[systemd-devel] Running a service *just* before unmounting filesystems

Hans de Goede hdegoede at redhat.com
Mon Jun 11 15:40:44 UTC 2018


Hi,

On 11-06-18 16:37, Lennart Poettering wrote:
> On Mo, 11.06.18 15:37, Hans de Goede (hdegoede at redhat.com) wrote:
> 
>>> Uurks. Quite frankly, it appears strange to me to delay this for this
>>> long. I mean we reworked most code that delayed worked to shutdown
>>> like this these days to happen as early as possible to make sure we
>>> don't lose state unnecessarily. For example the RTC syncing is
>>> generally done when the RTC is changed instead of synced back during
>>> shutdown. Hence, why not simply write this out when the boot is
>>> successful?
>>
>> There are 2 flags / grub environment variables in play here:
>>
>> boot_success
>> shutdown_success
>>
>> The idea being that we also want to show the grub menu if the
>> system did not shutdown cleanly (or somewhat cleanly given
>> that by the time we know we really have a clean shutdown we
>> can no longer write the grubenv).
> 
> Well, speaking from the receiving end of the bug report hose, I can
> tell you that shutdown hangs are almost exclusively happening way
> after we regularly unmount directories such as /efi or
> /boot. i.e. such hangs happen in the second phase of shutdown where we
> clean-up everything that couldn't be cleaned up during normal unit
> shutdown. (Or in fact even later, after the system returned back into
> the initrd.)
> 
> It am very sure it's not worth trying to maintain a shutdown_sucess
> variable that is determined that early. That's a pointless excercise,
> you won't catch 99% of relevant issues that way...

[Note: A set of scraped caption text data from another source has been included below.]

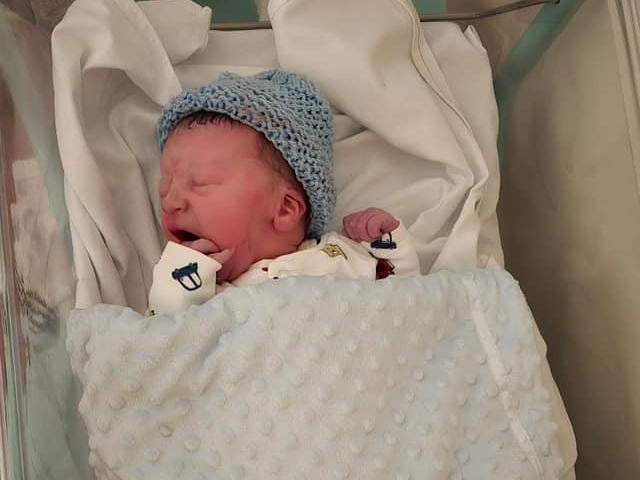 Noah-John born on at 2.55am on August 12 at Northampton General Hospital, weighing 7lbs 6oz.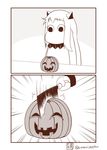  /\/\/\ 1girl 2koma comic commentary halloween hatchet highres horns jack-o'-lantern kantai_collection long_hair mittens monochrome moomin muppo northern_ocean_hime sazanami_konami solo twitter_username 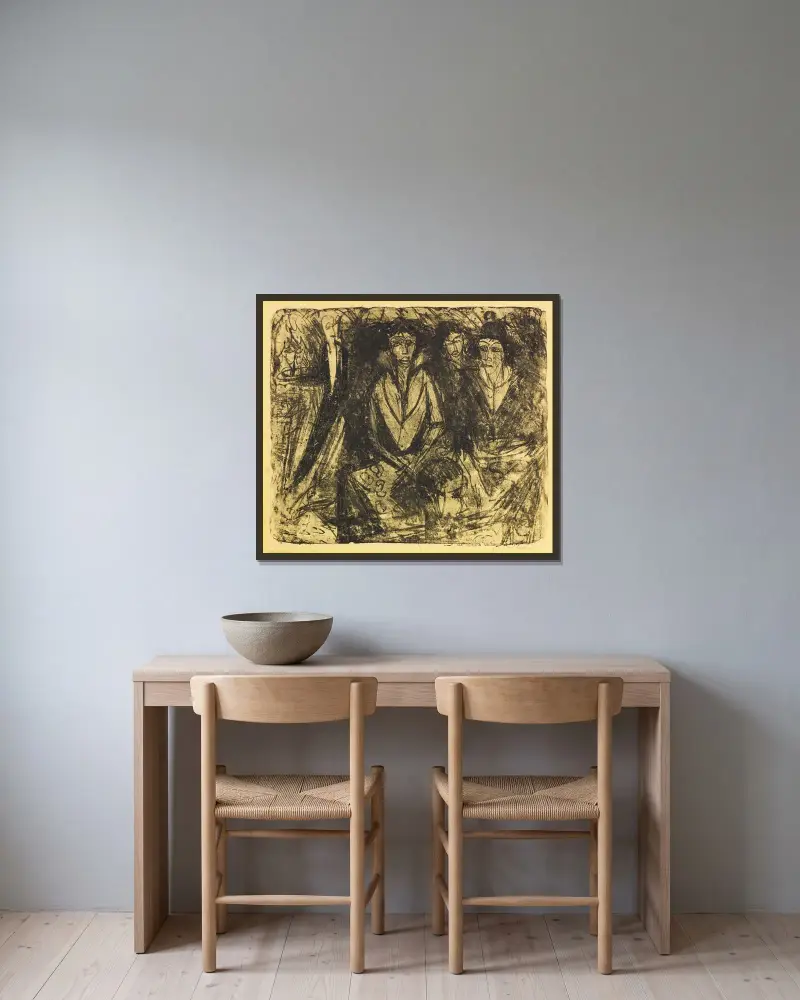 Tre kvinnor i kafégården – trädgårdsrestaurang Schlachtensee av Ernst Ludwig Kirchner inramad på en vägg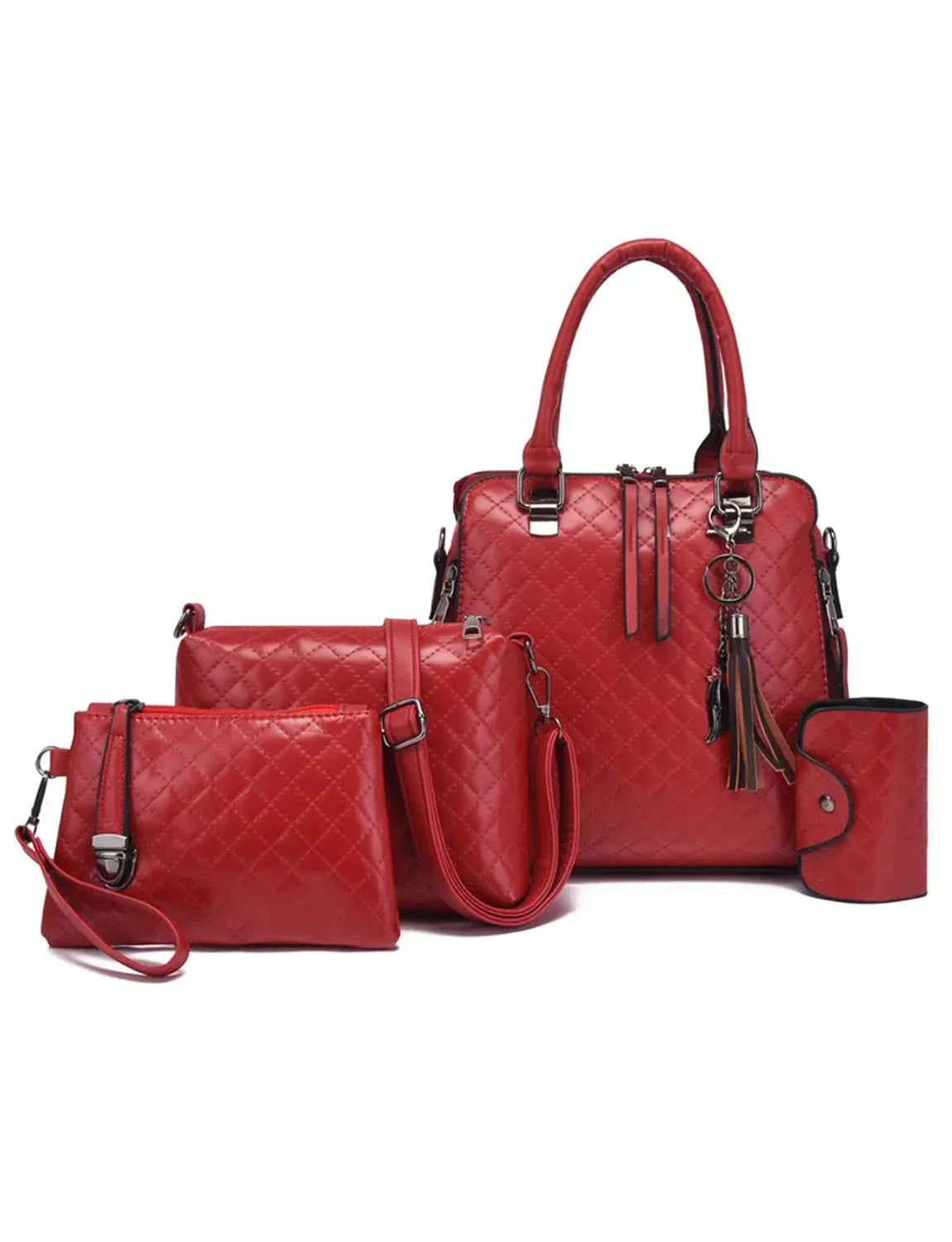 4-Piece PU Leather Bag Set with Tassel Detail Red onesize 0011b278d6624d0e8f7fdc1e54f8b690-Max-Origin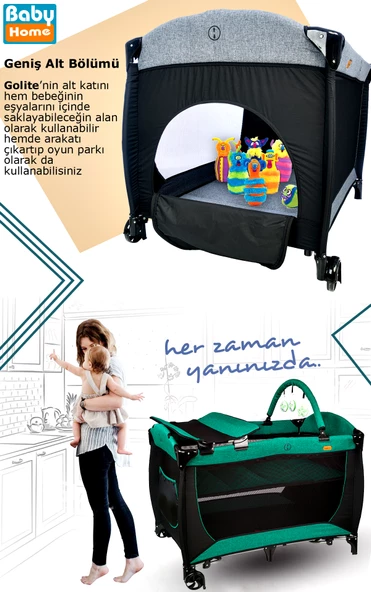 Baby Home 560 Golite 70x110 Bebek Oyun Parkı Yatak Sepet Beşik Sünger Yatak Hediye - 10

Ok, I had a quick chat with the rest of the laptop team about this
and will just drop the shutdown_success flag.

>> The feedback I've been getting on the fedora-devel list is that
>> people are somewhat worried about not being able to get to the
>> grub menu, so we are being very careful here and err-ing on the
>> side of showing the menu too often, rather then possibly not
>> often enough.
> 
> sd-boot solves that by always showing the menu if any key is pressed
> while sd-boot initializes. This means you can hold down any key you
> like during early boot and the menu is guaranteed to be shown. Why not
> do that in grub, too?

So in grub this is somewhat hard to do "any key" because of its architecture,
but I have written patches as part of the hidden menu effort, which will
show the menu when SHIFT is hold down during boot.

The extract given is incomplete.